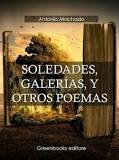 publicación de  Soledades, galerías y otros poemas ( Machado)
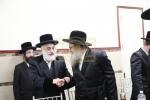 שמחת התנאים פון החתן בן כ"ק אדמו"ר מספינקא 18 שליט"א 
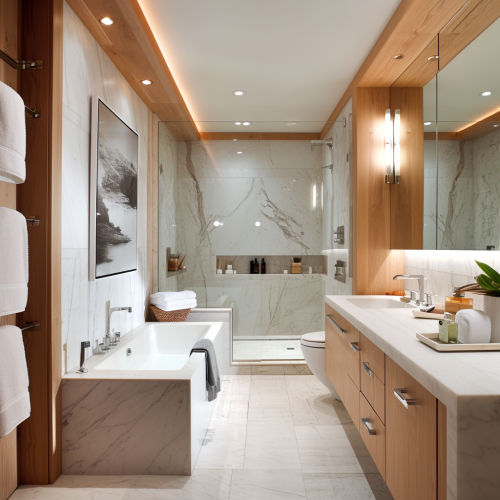 Bathroom Remodeling Services in Ontario CA – Better Comfort and Efficiency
***
- Work request
Images should not appear in the copy; retype the listing above exactly.

- Solution to the problem
 publicación de  Soledades, galerías y otros poemas ( Machado)
 שמחת התנאים פון החתן בן כ"ק אדמו"ר מספינקא 18 שליט"א 
 Bathroom Remodeling Services in Ontario CA – Better Comfort and Efficiency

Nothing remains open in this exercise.